Having a credit history is crucial for bigger purchases, too. If you want to buy a car and need a loan, the dealership will run a credit check. If you’re planning to rent an apartment, expect a credit check as part of the vetting process. Cable companies and utilities check your credit and, if you don’t have a solid credit history, will require a security deposit. Sometimes, prospective employers will access your credit rating when they are deciding whether to offer you a job.
The standard for creditworthiness is a FICO score, a three-digit number, ranging from 300 to 850 to let lenders know what sort of risk you pose as a borrower. Building strong credit score – the closer to 850 the better – can help you borrow at lower rates and obtain credit cards with higher borrowing limits and more perks.
Fortunately, establishing credit isn’t hard, but you need to learn some tricks that will improve your borrowing profile. Consider these techniques:
Get a store card
Many retailers and gas stations will give you a branded credit card, even if you have no credit history. Use it, but don’t buy more than you would buy with cash. Pay off the entire bill at the end of the month. Ask that the department store report your credit history to credit bureaus.
Apply for a secured credit card at a bank
With a small deposit, say $500, you can obtain what’s known as a secured credit card, one that allows your bank to tap your account if you fail to pay a bill. Your credit limit will be the amount you deposited. Though the card isn’t useful for making big purchases – most secured credit cards have a limit under $500 – if you pay your bills on time and leave your security money untouched, you will begin proving your creditworthiness. That will enhance your credit score. Once you have a strong credit score, you can close the secured card account and apply for an unsecured credit card.

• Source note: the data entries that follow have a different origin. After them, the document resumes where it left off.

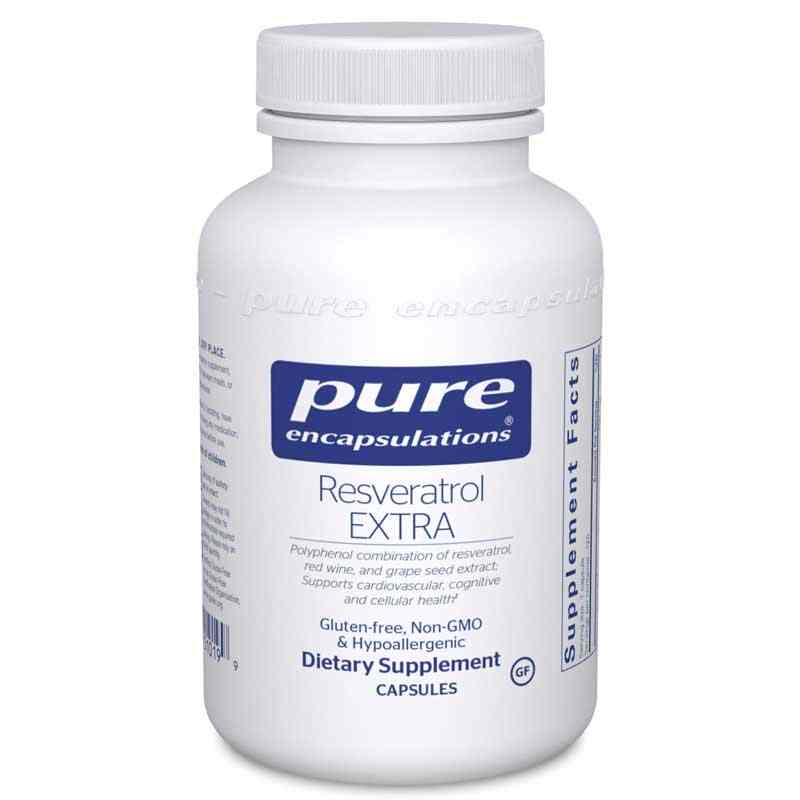 Resveratrol EXTRA, 60 Capsules, by Pure Encapsulations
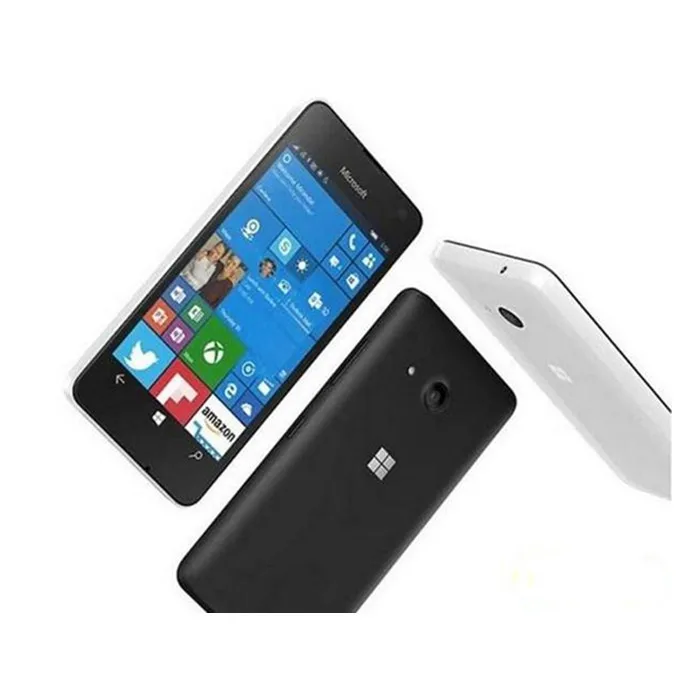 Разблокированный Nokia microsoft Lumia 550 четырехъядерный 8 Гб rom 5MP Windows мобильный телефон LTE 4G 4," 1280x720 отремонтированный дропшиппинг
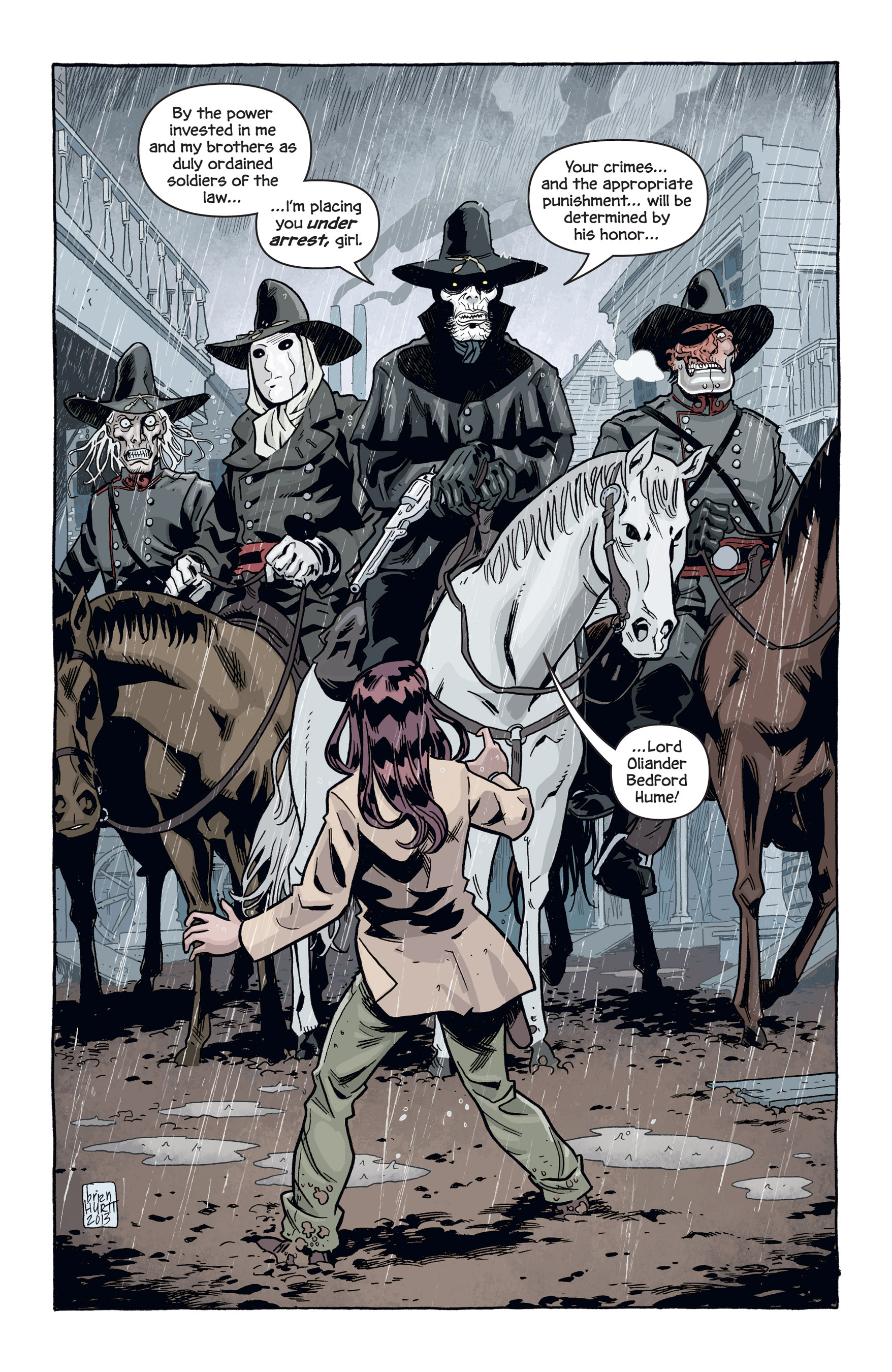 Read online The Sixth Gun comic -  Issue #32 - 24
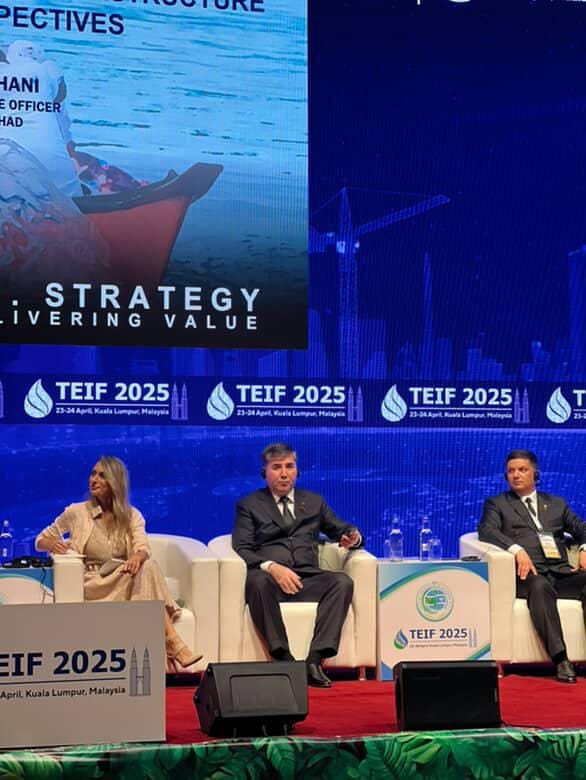 Туркменистан представил достижения в цифровой сфере на инвестиционном форуме TEIF 2025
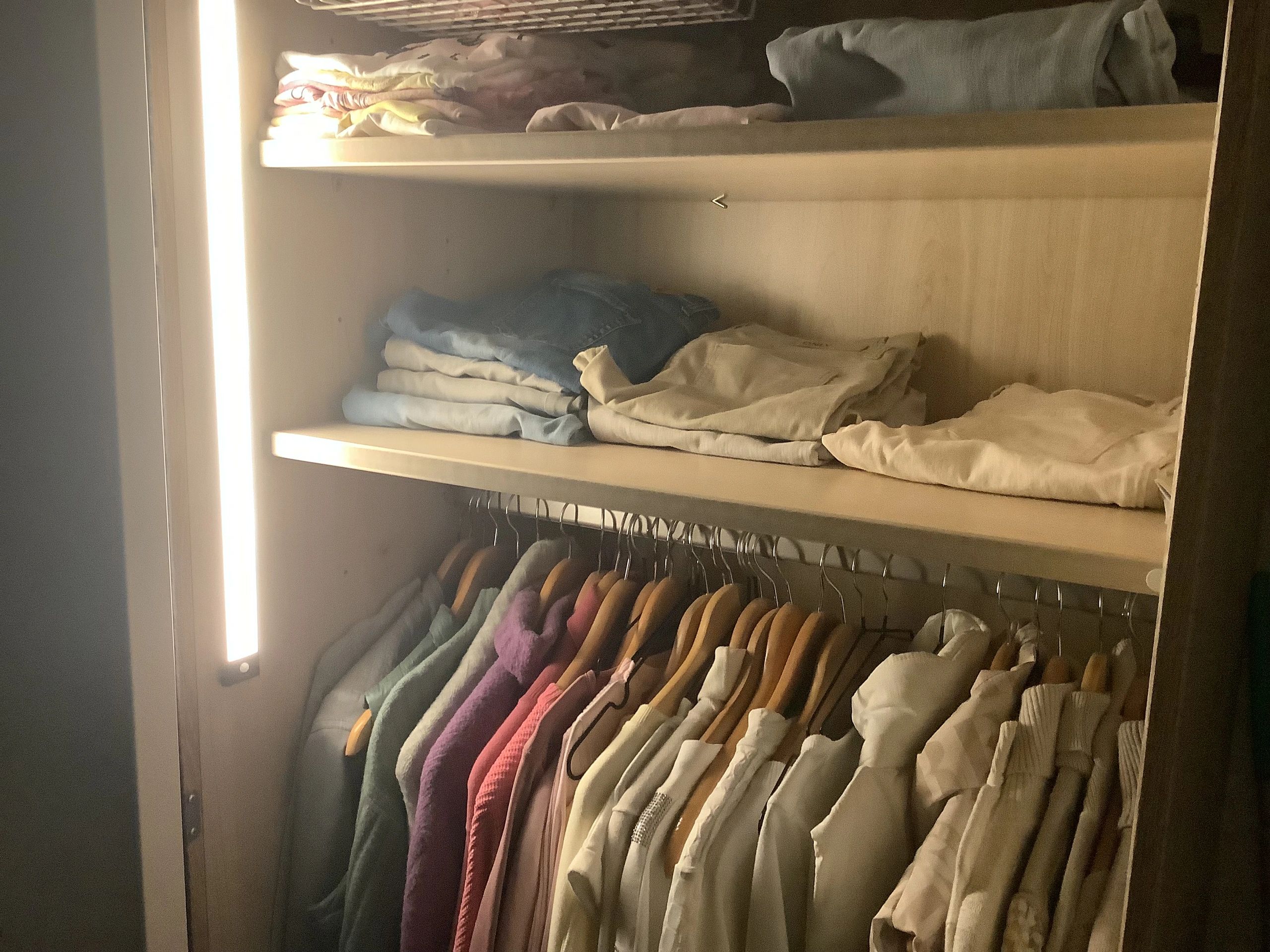 Yeelight kastverlichting met sensor 40 cm - Warm wit licht - Oplaadbare batterij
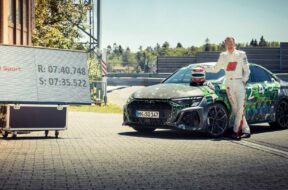 audi Rs3 sedan nirburgring
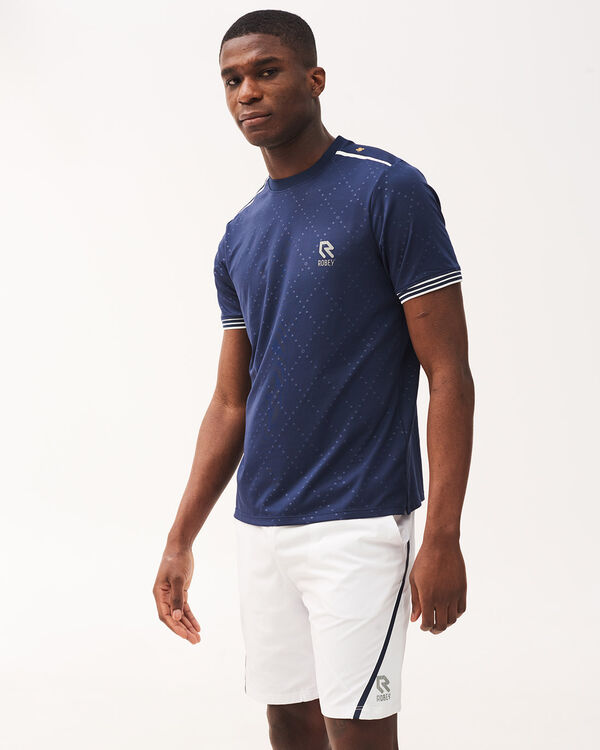 Tennis Cross T-Shirt Round Neck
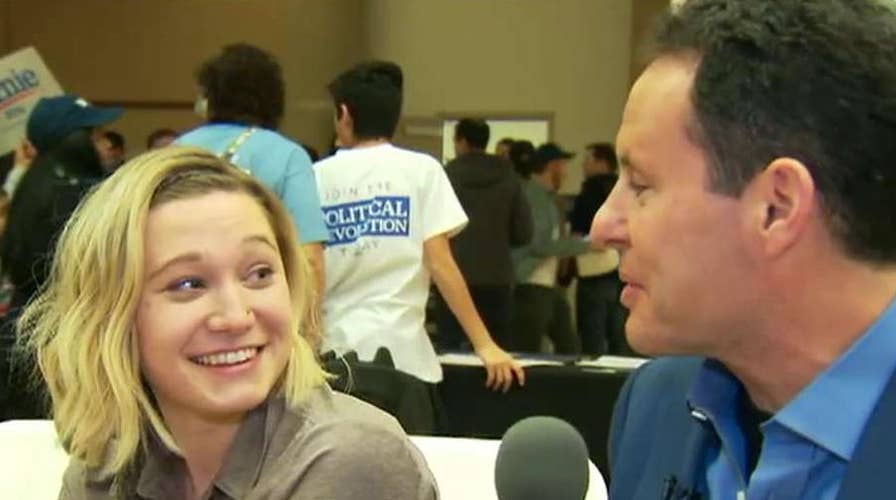 Kilmeade makes the rounds at Iowa caucuses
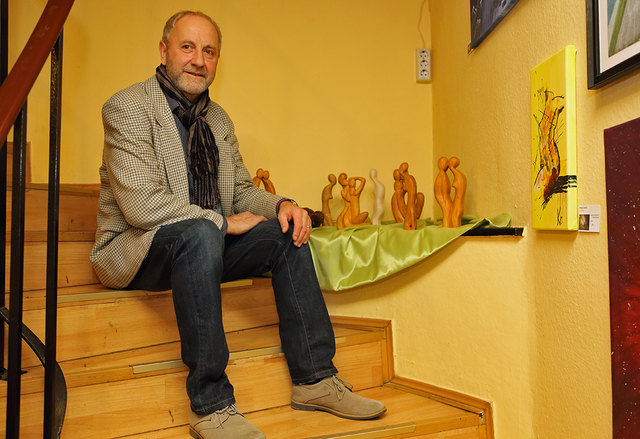 Holzskulpturen / Josef Metschina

Apply for a credit-builder loan
A credit-builder loan is used specifically to build a credit score. The lender will put the money you borrow into an account, and you’ll make payments on the money until the full amount is paid. The lender will notify the credit-rating bureaus as you make payments. When the loan is paid, the money is released to you and the credit bureaus have a basis for assigning your credit score. Credit unions and community banks are often the best places to check for this sort of loan.
Find a co-signer
If you have someone with a good credit score who is willing to co-sign a loan, and you repay the borrowed money, that will build your credit score. Not everyone will be willing to co-sign with you, since the other party is personally liable if you fail to repay the loan. If they can’t make the payments after you default, it will damage both of your credit ratings.
Become an authorized user on another person’s credit card
If you know someone – often a parent or close relative – with a good credit history who is willing to make you an authorized user on their card, your borrowing can help establish your credit credentials even though the primary cardholder is obligated to make the payments. If establishing a credit history is the goal, check with the card issuer to make sure that your activity on the card is reported to a credit bureau.
Use an alternative credit building method
Rent reporting services like Credit Karma will add rental payment in your credit history. If you pay on time, it can help build you credit score. On-time payment of utility bills is a score builder. You should ask your phone, water, electric, gas or cable company if they report your payments to credit bureaus.
Consider a student credit card
If you spend conscientiously, student credit cards designed for young borrowers can be a way of building a credit history. These introductory cards have disadvantages, including low borrowing limits and higher interest rates. You shouldn’t apply for one of these cards unless you are confident you have the money to meet the monthly bills.
No matter what strategy you’re using, make sure you always pay your bills on time. Some lenders require payment in full. Most allow you to make partial payments. Payment in full is always the best no matter what the bill. Also, if you obtain credit, be aware of your credit utilization. If you do carry a balance, make sure it doesn’t exceed 30% of your borrowing limit. Exceeding that can hurt, rather than enhance, your credit score.
Whether you have established credit or not, you should avoid opening too many accounts at once, since this will lower you score. Keep accounts open once you have them if possible. If you card doesn’t have an annual fee and you don’t need it, put it in a safe place rather than closing the account. This can help your credit utilization rate, since it is computed using the combined borrowing limits on all your cards.
As you take steps to build you credit, remember to check your credit card bills for accuracy and fraudulent charges. Also, periodically check your credit score. You can do this by contacting any of the three credit rating bureaus, and credit card issuers increasingly are offer updated scores through their payment websites.
Caution. A secured credit card is not as good as an unsecured credit card, in terms of credit building, but it can help you get started.